What is needed: Your response should be a copy of each line in the listing below that includes the word "Foto".

Material shown:
=-=-=-=-=

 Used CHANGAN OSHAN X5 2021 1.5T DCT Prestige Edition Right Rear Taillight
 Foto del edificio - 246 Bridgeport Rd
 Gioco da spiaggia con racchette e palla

=-=-=-=-=

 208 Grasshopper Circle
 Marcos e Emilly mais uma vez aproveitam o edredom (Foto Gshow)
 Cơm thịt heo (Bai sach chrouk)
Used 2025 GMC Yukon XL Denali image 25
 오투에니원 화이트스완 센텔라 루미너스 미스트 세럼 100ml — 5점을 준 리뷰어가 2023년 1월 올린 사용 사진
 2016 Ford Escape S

=-=-=-=-=

Solution for this task:
 Foto del edificio - 246 Bridgeport Rd
 Marcos e Emilly mais uma vez aproveitam o edredom (Foto Gshow)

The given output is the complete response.